Modern inference stacks are shaped by memory pressure. When that pressure becomes concrete, the runtime has to decide which blocks remain resident, which blocks move, and what invariants callers can depend on.

This paper treats resident claims as a semantic contract rather than an implementation trick. That distinction matters because it separates the behavior a runtime should expose from the specific allocator or backend that happens to provide it.

The smallest pressure example is intentionally blunt:

protected resident KV = 60 blocks
active live KV        = 70 blocks
usable KV pool        = 80 blocks

60 + 70 = 130 > 80

No naming trick makes 130 blocks fit into an 80-block pool.
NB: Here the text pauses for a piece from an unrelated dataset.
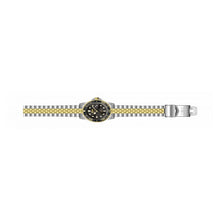 Cargar imagen en el visor de la galería, Reloj Invicta Pro Diver 30094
A runtime can evict, demote, expire, offload, refuse, defer, route elsewhere, recompute, or report harm. The contract question is what the runtime must expose after it has accepted resident state for future reuse.

What I am looking for feedback on

The most useful review is narrow. I am not looking for a general endorsement of the research line. I am looking for corrections to the obligation boundary.

The key question is: which obligation is wrong, too strong, too weak, or already covered by an existing runtime path I missed?

A useful answer could be: the distinction is real; a named runtime path already carries the missing obligation; the contract should be weaker; the contract should be stronger; or this belongs as a debugging and conformance artifact rather than as a runtime API.

That kind of feedback is enough to improve the work.

The current follow-on work uses that posture. One public bridge is a vLLM prefix-cache observability note: a disabled-by-default lookup observation could help explain prefix-cache hits and misses without asking vLLM to own external ResidentClaim semantics.

Follow-up

For the story around the paper, see The Dream Is Large. The Claim Is Small., a field note on why this small contract feels like a first possible contribution to open-source AI/ML.

The next step is implementation work: asking how this contract can be lowered onto real serving runtimes without turning every nearby cache primitive into a false positive.